I have two inequalities:
$x^2 + y^2 + z^2 \le 8$ and $z \ge \sqrt{x^2+y^2}$
These make up a body $K$ in 3D space. I would like to represent this body $K$ using spherical coordinates, but I'm unsure on how to do it.
Basically I want it on the form:
$x = r\sin(\theta)\cos(\phi)$
$y = r\sin(\theta)\sin(\phi)$
$z = r\cos(\theta)$
And determine how $r$, $\theta$ and $\phi$ change.
I can set the inequalities to equal eachother, and get the projection that they make on the $xy$ plane, which is $x^2+y^2 \le4$ but I'm not sure if that is useful for this problem.

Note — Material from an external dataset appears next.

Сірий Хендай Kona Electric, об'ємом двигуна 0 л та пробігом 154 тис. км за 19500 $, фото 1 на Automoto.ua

Since $x^2+y^2+z^2=r^2$, the first inequality translates into $0\le r\le\sqrt8$.
For the second one observe that $x^2+y^2=r^2\sin^2\theta$, so that the inequality becomes $r\cos\theta\ge r\sin\theta$, or equivalently $\tan\theta\le1$, that is $0\le\theta\le\pi/4$.
The solid is a cone with vertex at the origin and aperture $\pi/4$.
Note: the usual notation has $\theta$ and $\phi$ interchanged.